Authorization header shouldn't be forwarded across redirects

[jbt]

Authorization headers are getting preserved even after redirects to a different server, which breaks if the target of the redirect isn't expecting Authorization (e.g. Amazon S3 throws a 400 error).

Ideally the behaviour would be the same as in curl or requesting the URL in a browser

For example:

var app = require('express')();

app.get('*', function(req, res){
  res.redirect('http://aws-lightbox.s3.amazonaws.com/source/jquery.fancybox.css');
});

app.listen(5678)

require('request')('http://foo:bar@localhost:5678/', function(err,resp){
  console.log('Request', resp.statusCode);
});

require('child_process').exec('curl -L -w "%{http_code}" -o /dev/null http://foo:bar@localhost:5678/', function(err, resp){
  console.log('Curl', resp)
});

Outputs:

Request 400
Curl 200

This is currently breaking NPM with links to GitHub private repo tarballs using basic auth, as they redirect to S3

[mikeal]

i could have sworn this was fixed in a pull request, are you sure this is an issue on master?

[jbt]

Yep, pretty sure, happens with both the version on NPM and direct from github.

[ArVan]

Hi all, I'm also experiencing this issue.
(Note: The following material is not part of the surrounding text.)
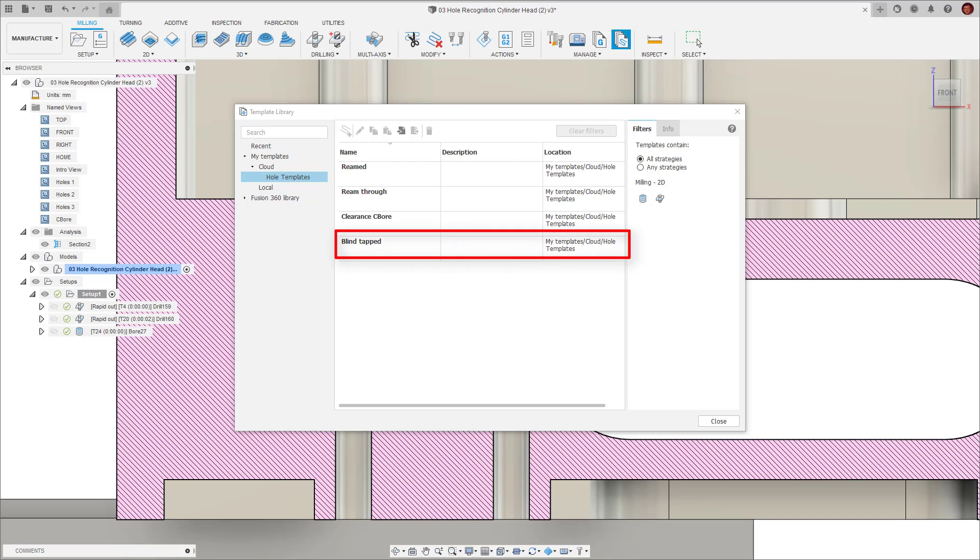So you can see I already have templates for the tapped holes, the counter bore clearance holes, the reamed blind holes and the reamed through holes. I just need to create the template for the counter bore reamed hole as this isn't a hole signature I've come across before.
Any news here? I'm, using the latest npm version (2.42.0)

[mikeal]

this was just fixed, and should be fixed in the latest npm version.

[nylen]

You're thinking of @isaacs change to remove headers when proxying, right? That's a different issue - we still need to remove authorization headers on redirect to a different host. #1058 is a good start on this.

[mikeal]

ahh, yea, good catch :)

[simov]

@mikofski a better approach would be to create a new issue, and reference all other issues there instead of spamming the same content in all threads. GitHub puts back reference links to them.

I removed your posts in the other 3 issues.

[simov]

Yep, open another one, and link to the other issue from there.